So what do you guys use the tea for?? I have tea, but I want to know what you guys use it for other than fin rot?


----------



## Pogthefish (Mar 24, 2012)

can you give it to them just cuz its cool? lol is it harmful at all?


----------



## Goldie2nd (Apr 16, 2012)

Pogthefish said:


> can you give it to them just cuz its cool? lol is it harmful at all?


 Yes I have the same question and what sort of tea's are good for them.


----------



## BeckyFish97 (Apr 9, 2012)

Awwwww that vid is just too cute!!!It's like he knows it will do him good!!!


----------



## Pogthefish (Mar 24, 2012)

no he doesnt, he just likes it


----------



## betta4life (Apr 25, 2012)

aw that's way cute! I did have the same question "is it harmful" and since it's not, i now want to try it just to see what Willie does with it  lol


----------



## Petsushi (Feb 16, 2012)

Thanks for the nice comments everyone! 

If any of you end up putting tea in your tanks, let us know how it turned out!

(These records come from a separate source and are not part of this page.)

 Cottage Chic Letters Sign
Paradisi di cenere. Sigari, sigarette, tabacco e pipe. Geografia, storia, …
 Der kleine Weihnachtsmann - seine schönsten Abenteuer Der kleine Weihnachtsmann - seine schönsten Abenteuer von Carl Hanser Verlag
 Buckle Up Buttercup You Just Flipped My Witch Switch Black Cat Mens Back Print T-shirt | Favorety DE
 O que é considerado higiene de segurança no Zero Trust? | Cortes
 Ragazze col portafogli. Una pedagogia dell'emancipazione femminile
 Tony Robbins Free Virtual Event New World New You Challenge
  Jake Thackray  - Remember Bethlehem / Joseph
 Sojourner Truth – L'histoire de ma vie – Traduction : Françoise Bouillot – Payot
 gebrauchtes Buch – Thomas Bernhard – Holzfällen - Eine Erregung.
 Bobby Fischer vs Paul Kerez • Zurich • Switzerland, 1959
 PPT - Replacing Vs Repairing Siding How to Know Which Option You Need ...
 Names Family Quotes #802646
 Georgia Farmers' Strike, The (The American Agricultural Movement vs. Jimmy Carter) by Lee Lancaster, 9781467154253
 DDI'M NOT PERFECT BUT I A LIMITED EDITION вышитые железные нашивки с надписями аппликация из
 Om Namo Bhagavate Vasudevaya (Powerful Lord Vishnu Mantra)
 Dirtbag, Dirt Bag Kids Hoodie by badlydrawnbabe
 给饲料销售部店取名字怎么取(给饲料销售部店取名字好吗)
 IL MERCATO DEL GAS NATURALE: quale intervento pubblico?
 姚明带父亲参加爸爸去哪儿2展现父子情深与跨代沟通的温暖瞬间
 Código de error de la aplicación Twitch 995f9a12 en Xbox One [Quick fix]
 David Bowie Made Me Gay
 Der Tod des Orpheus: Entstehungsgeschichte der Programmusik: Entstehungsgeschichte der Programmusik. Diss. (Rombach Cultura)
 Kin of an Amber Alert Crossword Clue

I wonder if all bettas like it, or if it's just a personal preference thing =P


----------



## Pogthefish (Mar 24, 2012)

I did research and it has to be JUST tea, decaf. tea, red tea is gud


----------



## ZackyBear (Dec 1, 2011)

As long as the tea doesn't have CAFFEINE in it, I think you can use it ;o


----------



## Pogthefish (Mar 24, 2012)

or additives


----------